AVAILABLE DATA: Begin
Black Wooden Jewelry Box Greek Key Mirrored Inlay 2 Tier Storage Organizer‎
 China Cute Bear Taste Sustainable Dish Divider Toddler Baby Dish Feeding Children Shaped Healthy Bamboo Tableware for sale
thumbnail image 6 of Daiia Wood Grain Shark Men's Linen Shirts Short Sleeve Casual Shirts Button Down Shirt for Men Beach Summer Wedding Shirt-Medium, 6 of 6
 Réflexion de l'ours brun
AVAILABLE DATA: End
TASK TO CARRY OUT:
Give back every line above, unchanged.

EXERCISE ANSWER:
Black Wooden Jewelry Box Greek Key Mirrored Inlay 2 Tier Storage Organizer‎
 China Cute Bear Taste Sustainable Dish Divider Toddler Baby Dish Feeding Children Shaped Healthy Bamboo Tableware for sale
thumbnail image 6 of Daiia Wood Grain Shark Men's Linen Shirts Short Sleeve Casual Shirts Button Down Shirt for Men Beach Summer Wedding Shirt-Medium, 6 of 6
 Réflexion de l'ours brun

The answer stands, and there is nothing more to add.